> [REQUIRED ACTION] Copy the lines below word for word, skipping any image.
### GIVEN INFORMATION ###
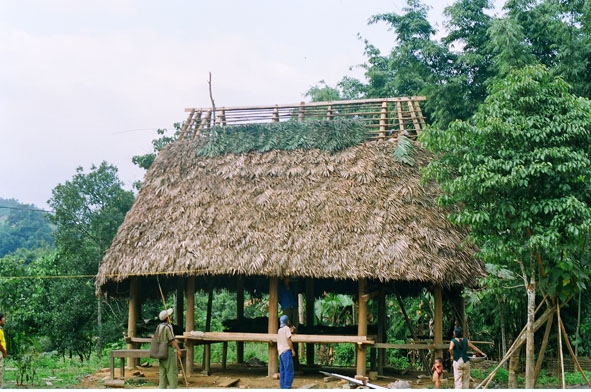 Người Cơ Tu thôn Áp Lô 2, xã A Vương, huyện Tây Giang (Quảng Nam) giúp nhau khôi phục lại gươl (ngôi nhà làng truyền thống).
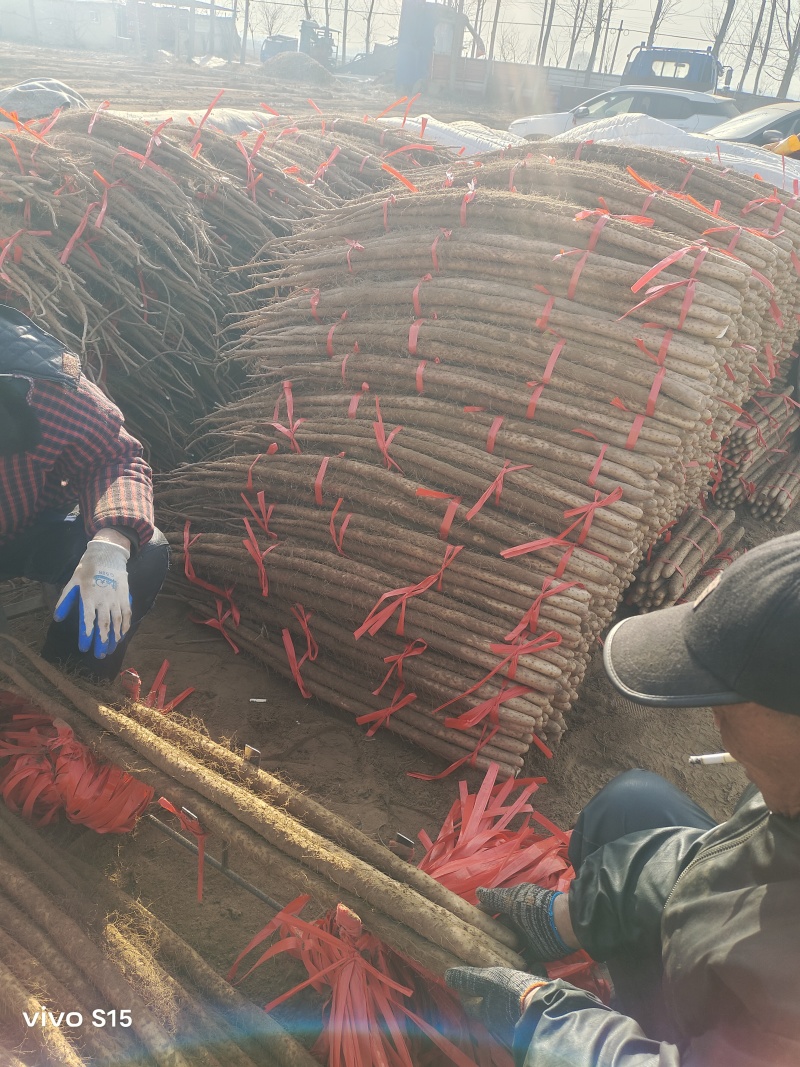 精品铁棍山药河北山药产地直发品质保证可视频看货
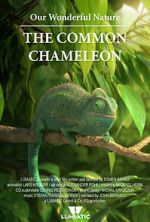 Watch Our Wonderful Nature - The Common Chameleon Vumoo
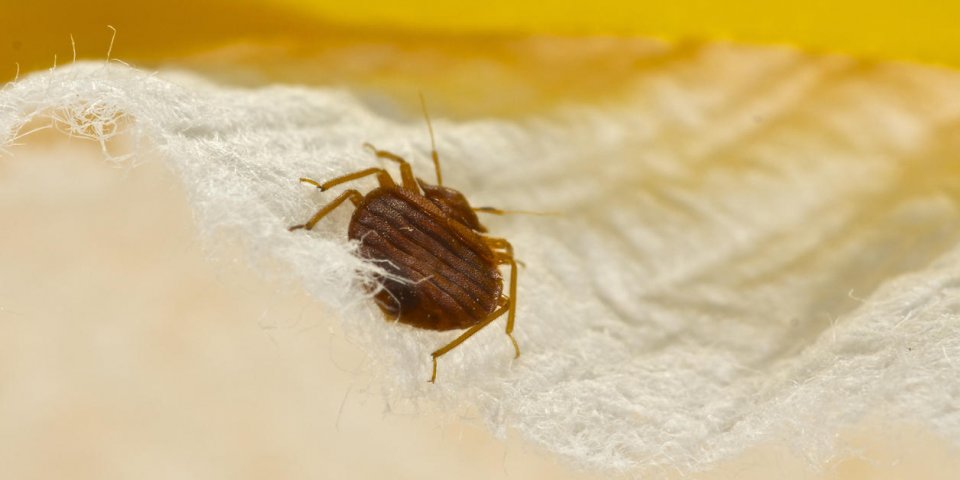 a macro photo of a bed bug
###
> [WRITTEN RESPONSE]
 Người Cơ Tu thôn Áp Lô 2, xã A Vương, huyện Tây Giang (Quảng Nam) giúp nhau khôi phục lại gươl (ngôi nhà làng truyền thống).
 精品铁棍山药河北山药产地直发品质保证可视频看货
 Watch Our Wonderful Nature - The Common Chameleon Vumoo
 a macro photo of a bed bug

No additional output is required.